| Problem requirements |
The records that follow are to be printed exactly, with no images.

------ Record extracts

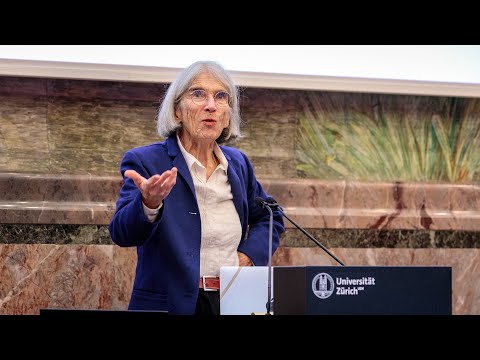 USZ Öffentlichkeitsanlass 2022 - Einführungsreferat Donna Leon, Schriftstellerin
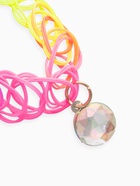 Браслет детский набор 3 шт. "Выбражулька" альпака, силиконовый, разноцветный - фото 68183532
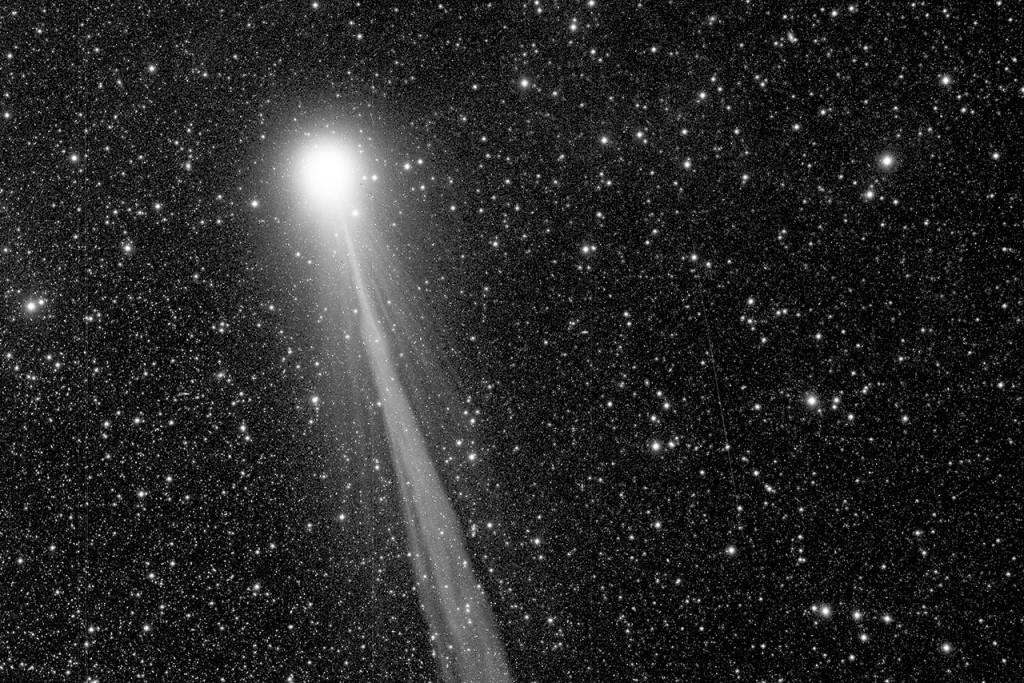 Filmato Video del passaggio della Cometa C/2014 Q2 Lovejoy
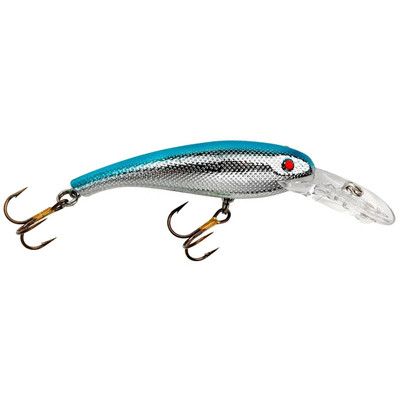 Cotton Cordell Wally Diver #5 Chrome/Blue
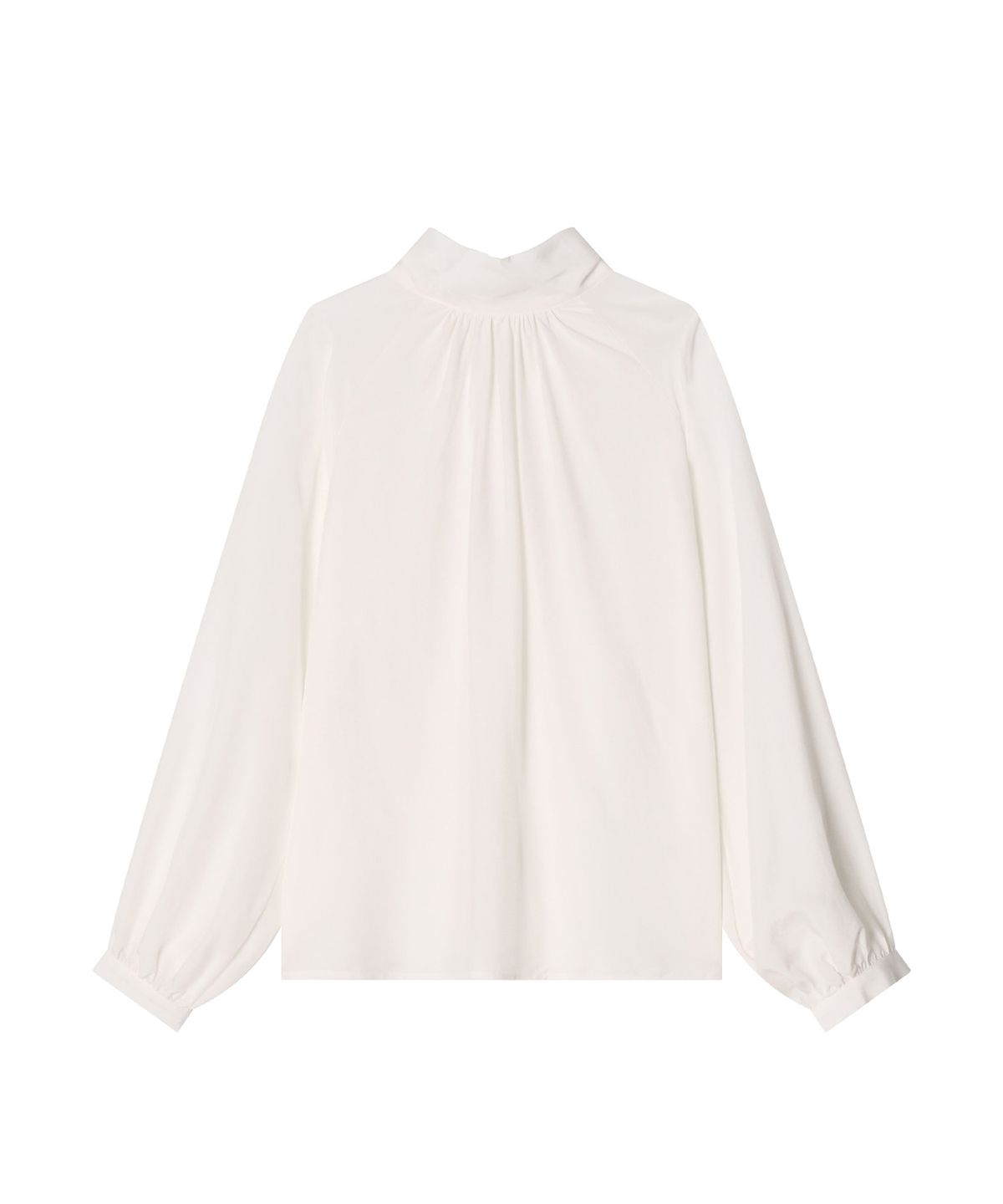 메이버유(MAYVERU) Leila Tie Blouse _ Ivory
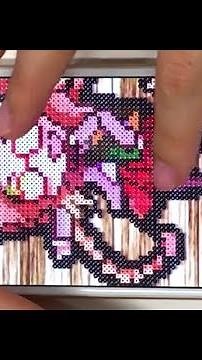 【ibisPaint】Ironing Bead Style Processing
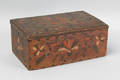 Unusual Pennsylvania pine dresser box ca 1790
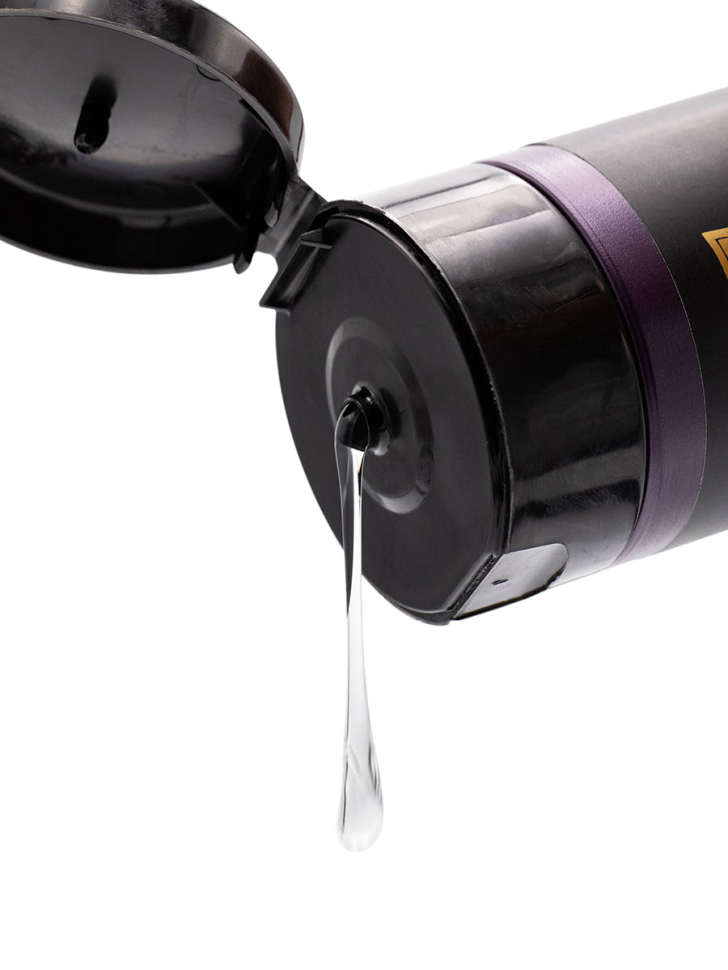 Шампунь для ослабленных волос Заполнение маслом арганы и гиалуроновой кислотой для интенсивного питания ослабленных волос, Гиалурон+коллаген, 250 мл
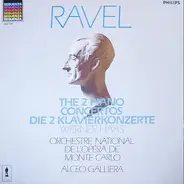 Ravel - The 2 Piano Concertos - Die 2 Klavierkonzerte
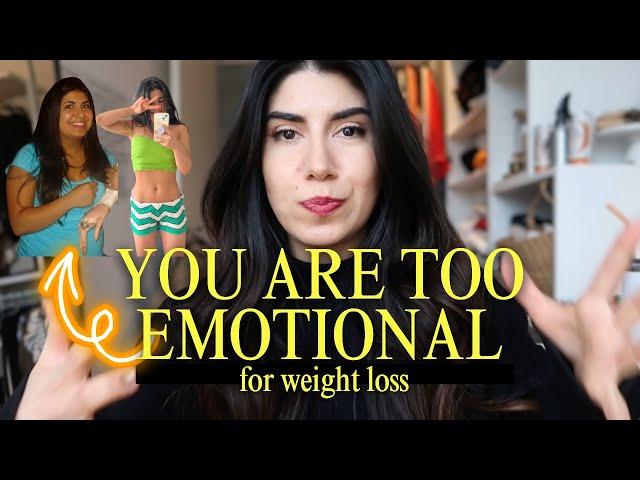 STOP being so emotional around food | You’re NOT hungry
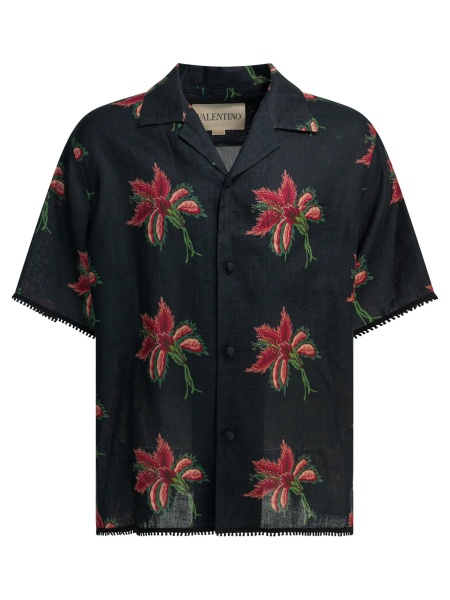 Camasa casual "Papier Floral" casual shirt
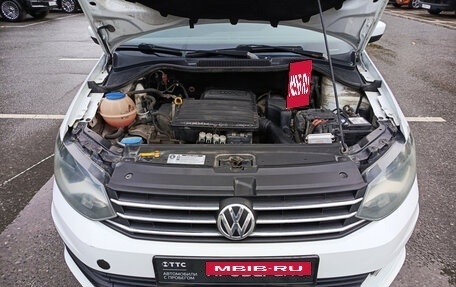 Volkswagen Polo VI (EU Market), 2016 год, 650 000 рублей, 11 фотография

------------

| Result below |
 USZ Öffentlichkeitsanlass 2022 - Einführungsreferat Donna Leon, Schriftstellerin
 Браслет детский набор 3 шт. "Выбражулька" альпака, силиконовый, разноцветный - фото 68183532
 Filmato Video del passaggio della Cometa C/2014 Q2 Lovejoy
 Cotton Cordell Wally Diver #5 Chrome/Blue
 메이버유(MAYVERU) Leila Tie Blouse _ Ivory
 【ibisPaint】Ironing Bead Style Processing
 Unusual Pennsylvania pine dresser box ca 1790
 Шампунь для ослабленных волос Заполнение маслом арганы и гиалуроновой кислотой для интенсивного питания ослабленных волос, Гиалурон+коллаген, 250 мл
 Ravel - The 2 Piano Concertos - Die 2 Klavierkonzerte
 STOP being so emotional around food | You’re NOT hungry
 Camasa casual "Papier Floral" casual shirt
 Volkswagen Polo VI (EU Market), 2016 год, 650 000 рублей, 11 фотография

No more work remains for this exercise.